Sonderfall WealthCap ZweitmarktWerte 3

Beim Dachfonds WealthCap ZweimarktWerte 3 gibt es eine Besonderheit: Hier konnten sich Anleger bei der Zeichnung zwischen zwei Beteiligungsvarianten entscheiden.

  • Wählten sie die Variante WealthCap ZweitmarktWerte 3 BASIS, wird über ein Investmentvehikel ausschließlich in geschlossene Immobilienfonds investiert.
  • Wählten die Anleger die Variante WealthCap ZweitmarktWerte 3 PLUS, werden die möglichen Investitionsziele deutlich erweitert – der Zusatzfonds kann direkt in geschlossene Private-Equity-Fonds und ähnliches investieren.

Doch unabhängig davon, in welche konkreten Investitionsziele investiert werden kann, handelt es sich auch hierbei um eine unternehmerische Beteiligung.

Risiken Ihrer Fondsanlage

Sind Sie ein enttäuschter Anleger der WealthCap-Fonds, empfiehlt es sich, Ihre alternativen Möglichkeiten prüfen zu lassen, um sich vor eventuell eintretenden Verlusten zu schützen. In vielen Fällen bietet sich eine Überprüfung der damaligen Anlageberatung an. Denn bei fehlerhaften Beratungen stehen Schadensersatzansprüche im Raum.
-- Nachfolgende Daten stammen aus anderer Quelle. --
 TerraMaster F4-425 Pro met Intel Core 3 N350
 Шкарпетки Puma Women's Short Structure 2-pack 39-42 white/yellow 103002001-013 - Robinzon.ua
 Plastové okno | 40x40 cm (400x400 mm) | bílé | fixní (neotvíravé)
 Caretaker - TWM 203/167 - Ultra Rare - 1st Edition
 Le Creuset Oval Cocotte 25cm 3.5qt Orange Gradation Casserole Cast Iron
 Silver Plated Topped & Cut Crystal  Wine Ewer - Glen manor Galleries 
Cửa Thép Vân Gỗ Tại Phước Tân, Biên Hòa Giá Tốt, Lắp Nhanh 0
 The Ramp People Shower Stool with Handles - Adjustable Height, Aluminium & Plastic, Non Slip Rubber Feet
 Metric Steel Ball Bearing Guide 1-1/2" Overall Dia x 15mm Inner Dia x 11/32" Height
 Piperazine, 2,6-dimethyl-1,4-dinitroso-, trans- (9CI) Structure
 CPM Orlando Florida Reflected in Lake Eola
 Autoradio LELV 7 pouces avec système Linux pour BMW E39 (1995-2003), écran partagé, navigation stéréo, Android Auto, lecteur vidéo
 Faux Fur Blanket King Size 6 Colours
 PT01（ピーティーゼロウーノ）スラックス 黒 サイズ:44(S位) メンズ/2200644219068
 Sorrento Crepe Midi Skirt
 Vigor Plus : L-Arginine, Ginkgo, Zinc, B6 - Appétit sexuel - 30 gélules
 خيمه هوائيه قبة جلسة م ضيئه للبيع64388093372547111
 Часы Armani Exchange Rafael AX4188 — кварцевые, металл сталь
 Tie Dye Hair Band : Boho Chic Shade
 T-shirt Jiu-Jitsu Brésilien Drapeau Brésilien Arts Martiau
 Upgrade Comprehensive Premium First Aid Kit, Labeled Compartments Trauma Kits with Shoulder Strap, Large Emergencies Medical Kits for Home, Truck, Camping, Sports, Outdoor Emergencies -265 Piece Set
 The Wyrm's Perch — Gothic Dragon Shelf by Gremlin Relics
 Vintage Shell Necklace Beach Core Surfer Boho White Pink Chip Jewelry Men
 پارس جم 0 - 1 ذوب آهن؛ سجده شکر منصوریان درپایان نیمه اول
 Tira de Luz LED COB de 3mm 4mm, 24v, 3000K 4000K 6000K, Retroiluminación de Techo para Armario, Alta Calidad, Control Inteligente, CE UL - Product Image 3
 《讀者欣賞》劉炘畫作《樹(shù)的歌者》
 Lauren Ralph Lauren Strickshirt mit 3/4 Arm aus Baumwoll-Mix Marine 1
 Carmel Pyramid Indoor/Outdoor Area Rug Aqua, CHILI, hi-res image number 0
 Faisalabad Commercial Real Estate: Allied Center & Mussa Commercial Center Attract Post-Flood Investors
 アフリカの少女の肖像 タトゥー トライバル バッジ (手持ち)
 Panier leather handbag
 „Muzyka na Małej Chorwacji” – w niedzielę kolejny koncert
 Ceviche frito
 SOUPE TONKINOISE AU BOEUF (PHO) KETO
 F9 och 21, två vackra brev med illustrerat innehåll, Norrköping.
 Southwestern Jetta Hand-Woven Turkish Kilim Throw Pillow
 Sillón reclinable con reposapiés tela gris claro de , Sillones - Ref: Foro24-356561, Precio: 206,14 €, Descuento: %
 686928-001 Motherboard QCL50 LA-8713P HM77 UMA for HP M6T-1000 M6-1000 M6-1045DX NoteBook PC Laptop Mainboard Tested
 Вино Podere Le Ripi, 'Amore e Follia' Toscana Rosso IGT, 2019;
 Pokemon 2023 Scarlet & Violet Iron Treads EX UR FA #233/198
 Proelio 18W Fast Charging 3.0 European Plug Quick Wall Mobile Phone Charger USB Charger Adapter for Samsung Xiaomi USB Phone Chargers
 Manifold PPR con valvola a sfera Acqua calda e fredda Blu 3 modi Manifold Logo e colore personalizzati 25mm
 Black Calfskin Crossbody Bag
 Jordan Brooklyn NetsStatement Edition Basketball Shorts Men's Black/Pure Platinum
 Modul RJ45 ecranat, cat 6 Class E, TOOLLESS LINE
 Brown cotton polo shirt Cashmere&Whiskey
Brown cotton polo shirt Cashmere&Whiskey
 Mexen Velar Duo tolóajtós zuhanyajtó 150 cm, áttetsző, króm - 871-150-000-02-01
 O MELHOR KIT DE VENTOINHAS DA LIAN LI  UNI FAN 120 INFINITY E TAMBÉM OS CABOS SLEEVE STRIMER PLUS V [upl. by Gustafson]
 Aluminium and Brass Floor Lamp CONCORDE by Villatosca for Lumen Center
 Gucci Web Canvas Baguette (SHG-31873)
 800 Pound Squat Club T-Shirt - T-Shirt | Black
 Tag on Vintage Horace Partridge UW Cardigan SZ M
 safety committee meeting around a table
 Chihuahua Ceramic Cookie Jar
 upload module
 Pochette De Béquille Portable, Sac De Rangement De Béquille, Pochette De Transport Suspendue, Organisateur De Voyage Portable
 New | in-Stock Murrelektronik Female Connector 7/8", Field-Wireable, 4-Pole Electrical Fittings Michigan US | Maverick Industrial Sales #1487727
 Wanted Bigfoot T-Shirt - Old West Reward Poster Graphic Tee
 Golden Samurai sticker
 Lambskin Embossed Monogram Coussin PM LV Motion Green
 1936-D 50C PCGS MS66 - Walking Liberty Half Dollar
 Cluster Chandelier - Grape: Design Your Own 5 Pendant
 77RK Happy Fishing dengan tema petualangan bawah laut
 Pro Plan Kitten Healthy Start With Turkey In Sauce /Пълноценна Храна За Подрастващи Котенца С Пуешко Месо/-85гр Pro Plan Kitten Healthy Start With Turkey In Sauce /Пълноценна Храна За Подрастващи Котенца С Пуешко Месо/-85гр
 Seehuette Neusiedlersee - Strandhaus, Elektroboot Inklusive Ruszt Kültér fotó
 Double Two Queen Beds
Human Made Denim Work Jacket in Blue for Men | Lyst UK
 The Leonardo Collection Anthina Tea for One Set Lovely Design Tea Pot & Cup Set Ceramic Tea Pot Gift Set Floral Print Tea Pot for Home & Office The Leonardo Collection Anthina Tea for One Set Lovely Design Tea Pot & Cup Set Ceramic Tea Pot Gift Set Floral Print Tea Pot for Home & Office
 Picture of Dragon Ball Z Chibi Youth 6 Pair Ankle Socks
Eine Falschberatung liegt unter anderem dann vor, wenn Anleger nicht oder nur unzureichend über die Risiken des Fonds aufgeklärt wurden. Bei der Investition in einen geschlossenen Fonds handelt es sich um eine unternehmerische Beteiligung. Es bestehen daher grundsätzlich die folgenden Risiken:

  • Totalverlustrisiko: Der Anleger kann seine gesamte Einlage verlieren.
  • Weiche Kosten: Viel Geld fließt überhaupt nicht in die Anlage, sondern in den Vertrieb (Provisionen) oder in die Verwaltung des Fonds. Somit steht dem Fonds nicht das gesamte eingezahlte Kapital zur Verfügung.
  • Rückzahlung von Ausschüttungen: In den meisten Fällen sind Ausschüttungen an die Anleger nicht durch Gewinne gedeckt und stellen die Rückzahlung der Einlage dar. Diese kann unter bestimmten Voraussetzungen zurückgefordert werden.
  • Mangelnde Fungibilität: Anteile können über den Zweitmarkt nur schwer und sehr oft nur  mit erheblichen Verlusten verkauft werden.
  • Änderung von steuerlichen Bewertungen
  • Mögliche Nachschusspflichten
  • Fremdfinanzierungsrisiko: Viele Fonds nehmen hohe Kredite auf – in Krisensituationen sind dann Kreditgeber bevorzugt zu bedienen, und Anleger gehen in der Insolvenz oft leer aus.
  • Zahlreiche weitere Risiken.

Ihre Möglichkeiten

Die überwiegende Anzahl geschädigter Anleger wurde falsch informiert, weshalb ihnen Schadensersatzansprüche zustehen. Unsere Kanzlei vertritt auch die Anleger zahlreicher unterschiedlicher WealthCap-Fonds.[MK1]  Im Folgenden eine Aufzählung der häufigsten Möglichkeiten, wobei eine Bewertung des Einzelfalls durch Experten stark empfohlen ist:

Kündigung der Beteiligung

In den meisten Fällen haben geschlossene Fonds eine lange Laufzeit, sodass eine Kündigung erst in vielen Jahren möglich ist. Nur selten besteht das Recht, eine Sonderkündigung auszusprechen. Im Normalfall ist im Gesellschaftsvertrag auch geregelt, dass bei einer Kündigung nur das Auseinandersetzungsguthaben ausbezahlt wird. Die Anleger erhalten also nicht das eingezahlte Geld zurück, sondern nur den aktuellen Wert der Anlage.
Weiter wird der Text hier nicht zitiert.